Currently, epigenetic research in the field of acute myocardial infarction is limited and varied. The study of the m6A modification mechanism and immune microenvironment theory to explore the pathogenesis and treatment direction of acute myocardial infarction can fill the gap in epigenetic modification and immunity of acute myocardial infarction. Our study also found that the immune characteristics of STEMI patients were different, and immunotherapy for STEMI patients with different immune characteristics can effectively reduce the occurrence of major cardiovascular adverse events. However, our study also has some limitations that we must mention. First, in the Methods section, we analysed the m6A regulator and identified the immune microenvironment through bioinformatics, but did not confirm the relationship between the expression of key m6A genes and immune characteristics through a variety of different experimental methods. However, surprisingly, we obtained meaningful results in the joint evaluation of the ROC curve, qPCR and nomogram model. We will conduct further experimental research on this topic it in the future.. In addition, we did not have access to additional clinical data, such as cardiovascular-related risk factors, interventional therapy, and prognosis, which prevented us from correlating m6A patterns and other clinical features.

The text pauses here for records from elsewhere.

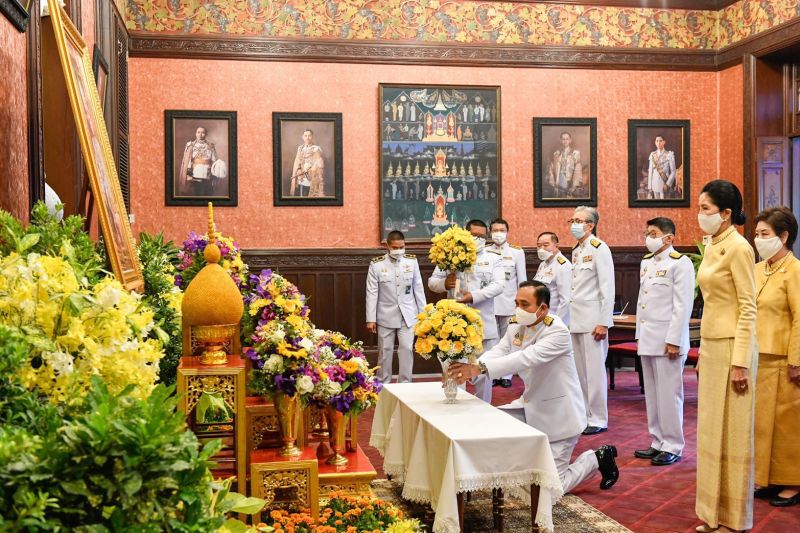 นายกฯและภริยาพร้อมครม. ลงนามถวายพระพรชัยเนื่องในโอกาสวันฉัตรมงคล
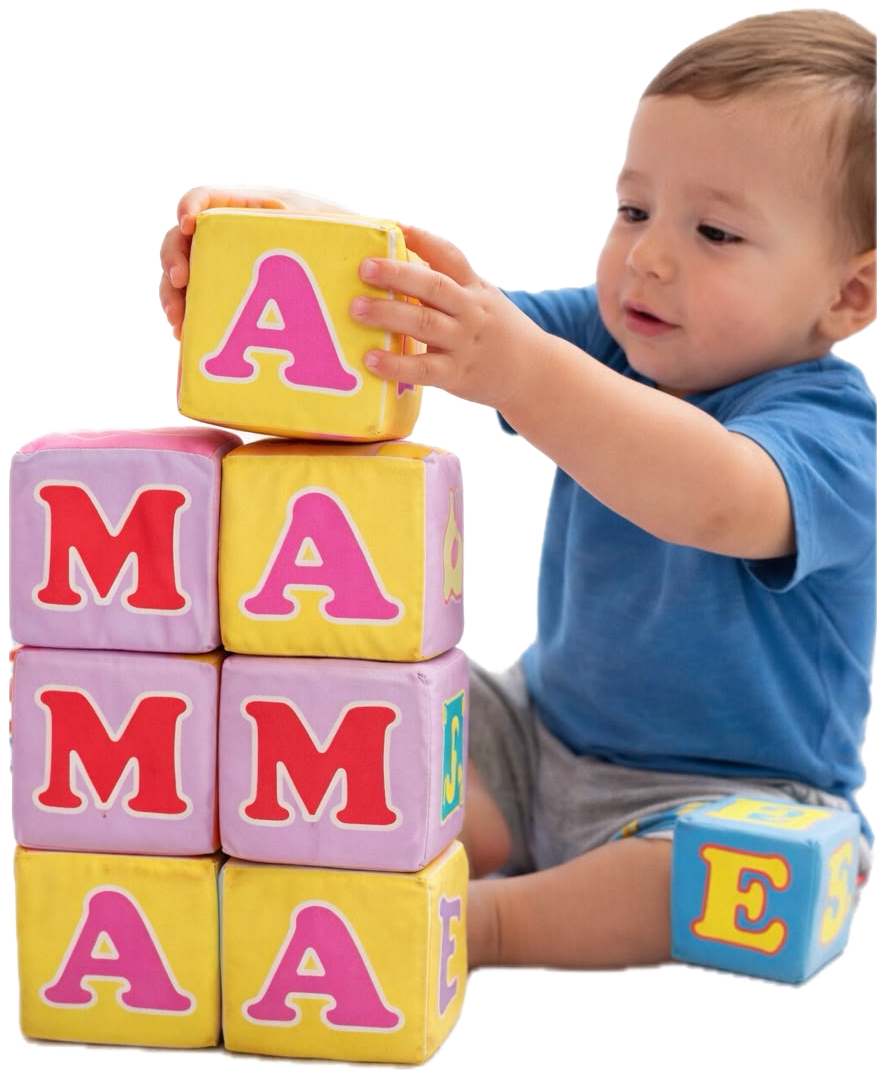 Bebé jugando y armando los cubos del abecedario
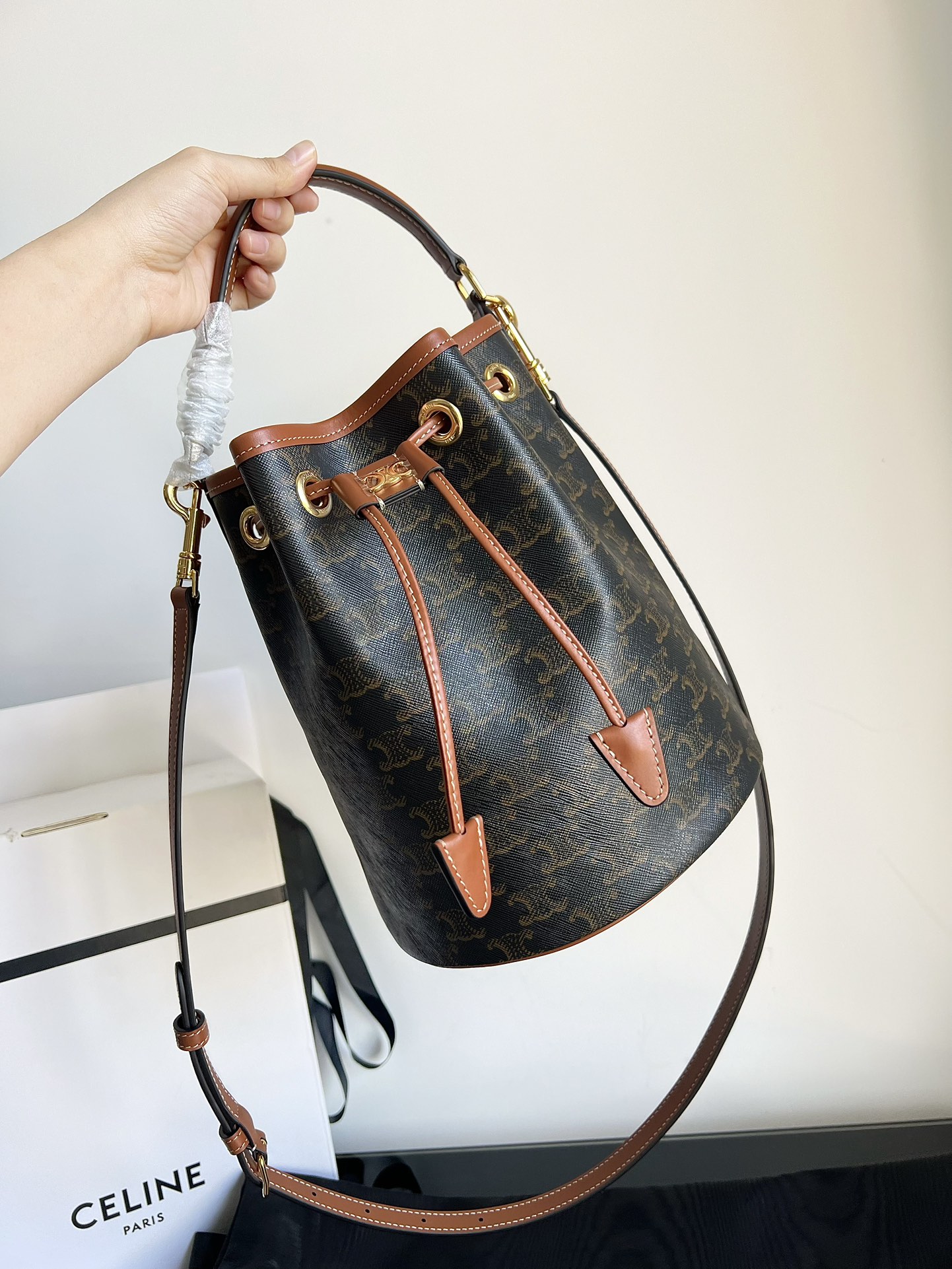 Detailed picture 25 new products debut Celine [original leather, all steel hardware] new drawstring portable bucket presbyopic CLARA logo printed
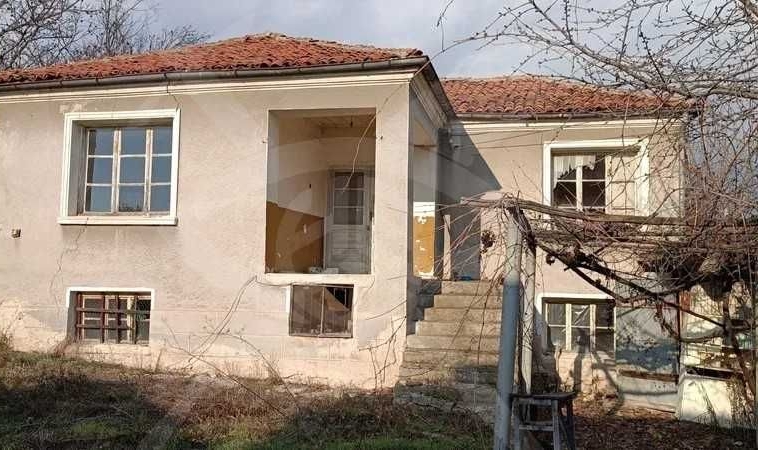 Къща в с. Зелениково, Област Пловдив - 120 кв.м за 136 €/кв.м - Снимка #1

In conclusion, this study uncovered a potential regulatory mechanism of m6A methylation in STEMI, and a prediction model was built based on 6 m6A regulators. We further identified two distinct m6A subtypes with different immune microenvironments in STEMI, and 3 m6A subtype markers, all of which were immune-related genes. Thus, for m6A-based gene therapy, the development of m6A modulators or small molecular m6A agonists and antagonists, based on bioengineering materials, may have important clinical value in the treatment of STEMI. This study will help us to understand the underlying mechanisms of immune regulatory networks in STEMI and develop more effective immune-related treatments.